Source: Airbnb/Dubai

Anyone who has visited Dubai knows just how expensive the city is. And those who reside there are well aware of the fact that the cost of living is among the highest in the world.

On Tuesday, Bloomberg released its list of the most expensive cities to rent an Airbnb property ... and Dubai ranked No.1 among Arab countries, and fifth globally. The emirate was followed by Riyadh (No. 11) and Kuwait City (No. 15).

"A combination of high hotel and apartment costs and strong tourism has Airbnb rates in some Middle Eastern cities among the world's priciest," Bloomberg wrote.

Miami is the most expensive city for Airbnb rentals globally

Regionally, Dubai has the most expensive short-term offerings, averaging $185 per night. The city's Airbnb properties more than doubled in two years, according to Arab News.

In 2016, Airbnb and the Department of Tourism and Commerce Marketing (DTCM) signed a memorandum of understanding (MoU) to encourage hosting homes within the emirate.

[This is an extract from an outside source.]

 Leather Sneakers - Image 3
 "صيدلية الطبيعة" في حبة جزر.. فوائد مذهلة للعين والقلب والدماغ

However, the industry remains regulated.

"Because, it creates a certainty for the host to know that one, it’s legal, and they have clear and simple rules on what they actually need to do to become a host on Airbnb - that’s why we are also seeing the growth in Dubai," said Hadi Moussa, Airbnb's general manager for the Middle East and Africa, according to Arabian Business.

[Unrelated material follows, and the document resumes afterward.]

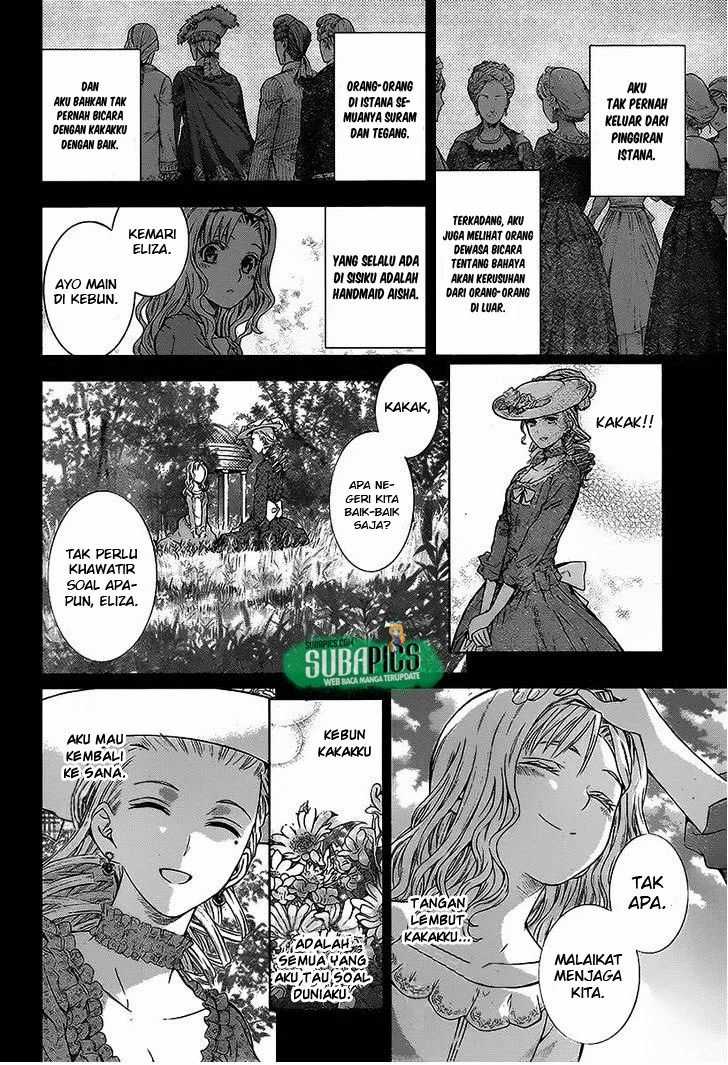 7th Garden Chapter 7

"Currently, we have 6,700 properties across the UAE. So creating that level of regulatory certainty - that’s very important for us," he added.

Airbnb describes Saudi Arabia as an "exciting" market

The international rental platform has its eyes set on Saudi Arabia, describing it as the next "very exciting" emerging market.

Earlier this month, Moussa said the kingdom has great potential in hosting and sharing accommodation services.

"Saudi is a very exciting market because of all the opportunities this country represents; it has all of these big initiatives; Vision 2030 is a huge project and really focuses on increasing the level of tourism," said Moussa, according to Arab News.